The world is on fire, and the FBI is chasing torrent users...
Human lives don't matter to the rich. MONEY is their GOD. That is why Apple protects terrorists and goes after copyright infringement.
Torrent sites don't even host copyrighted material or actually copy anything (i.e. how do you break a copyright law without copying anything?). They link you to other torrent users just like Google links you to the torrent sites (but they don't go after Google, of course). But I'm sure those right-wing "protect your Constitutional Rights only and don't legislate from the bench" judges will see you can't break a copyright if you don't copy anything. Oh wait.

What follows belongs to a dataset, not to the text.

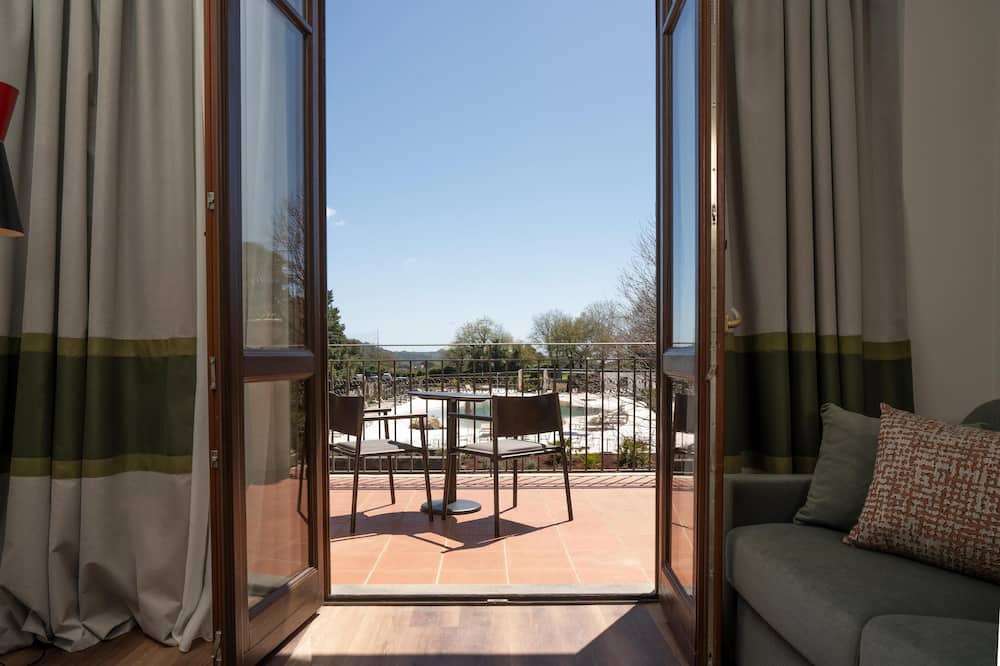 Picciolo Etna Golf Resort & Spa, Curio Collection by Hilton 写真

MONEY is involved. There goes the law rewritten at the bench to suit their interests (as it's easier to go after the host of the site than MILLIONS of users).
The real reason ticket sales are down is because movies SUCK these days and ticket costs are through the roof! It cost me $34 for two tickets in the evening last week without $7 drinks or $10 buckets of popcorn (tip; eat before the movie, not after). It had surcharges for "XD" sound (when did they ever charge more to watch a movie in DTS in the '90s???) and "REAL 3D" (god, no one even wanted to see 3D in the '80s; Jaws 3D flopped). Everything is either a remake (which are almost always worse than the original), a sequel (same problem; rarely as good) or a comic book movie (getting old as that's all that comes out it seems). Then 2-4 months later, you can buy it on BluRay for $10-20 (and $5-8 a couple of years later). I can see why in the early days of BluRay people might settle for some crappy digital download of dubious quality when BluRays were $30+ a movie, but when you can get older movies for $4 on BluRay in many cases, I don't see the attraction. Netflix will stream you thousands of crappy b-movies for $10 a month and those b-movies are probably no worse than "blockbusters" like Independence Day II (yawn).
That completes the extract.